The controversial Department of Energy green loan program is back after an extended hiatus, with a renewed focus on the supplier side of the equation. The program has also been revamped to clarify the application process, and decrease the time it took to respond to applicants.
This revamp is in response to the many criticisms leveled at the Advanced Technology Vehicle Manufacturing (ATVM) loan program. The program provided funding for five companies; Nissan, Ford, Tesla, Fisker, and Vehicle Production Group. Two of those companies, Fisker and VPG, went bankrupt, though both are back on the road to recovery.
With a fresh face at the Department of Energy comes a fresh look on an old idea with good intentions, but mixed results. The newly revamped program is shifting the focus from automakers to suppliers of fuel-efficient technologies, including “advanced engines and powertrains, light-weighting materials, advanced electronics, and fuel-efficient tires.” There’s also a renewed application process, which better informs potential applicants of the requirement, and improves response time to applicants, a major sticking point for many would-be green automakers.
There are still plenty of critics of the program, which was launched under President George W. Bush, and with two out of five companies ending up in bankruptcy, and other applicants with great ideas left to wither on the vine, the program obviously needed an overhaul.
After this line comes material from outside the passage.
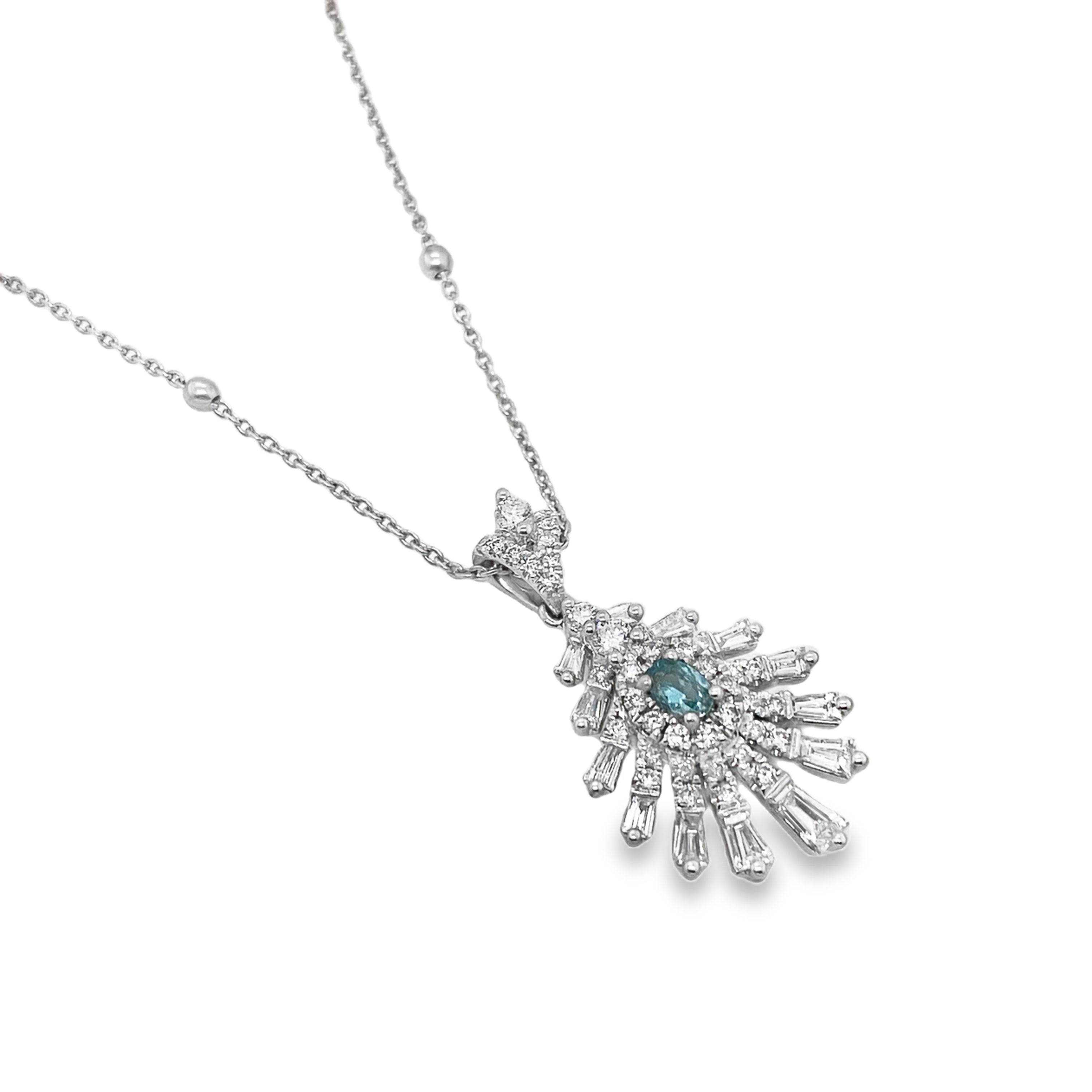0.1ct Oval Paraiba Tourmaline & Diamond Leaf-Inspired Pendant - Candid Japan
But the success of Tesla Motors, which repaid its government loan ten years early, should not be underestimated. With Nissan Leaf sales gaining some steam, the battery plant the ATVM loan financed is finally being put to use, creating decent-paying American jobs.
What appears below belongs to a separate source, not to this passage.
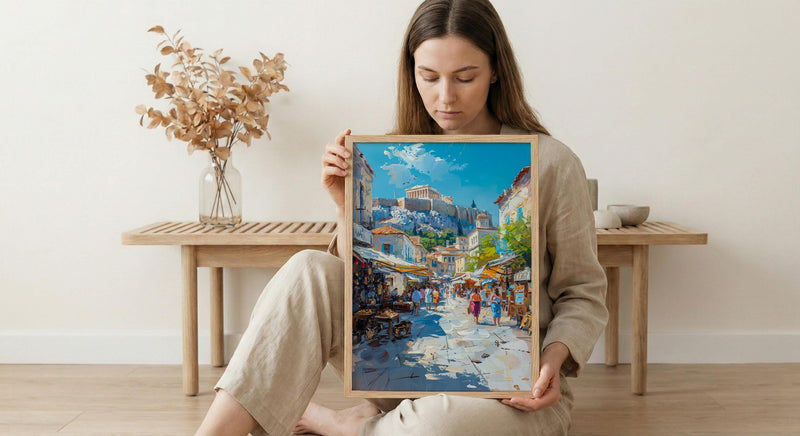 Athens Market Wall Art, Greece Antique Home Decor - Historic Acropolis View Trinket Summer Holiday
Even as we pumped billions into Big Oil tax subsidies, there are those make it their political platform to take issue with funding alternatives to pollution. That said, starting with a blank slate and an all-new program might have been a better idea in a warmer political climate, but I doubt such a program could pass through the current Congress. So we got what we got.
The DOE program survived another day, and hopefully we’ll see more Tesla-esque success stories, and absolutely no Fisker-like failures.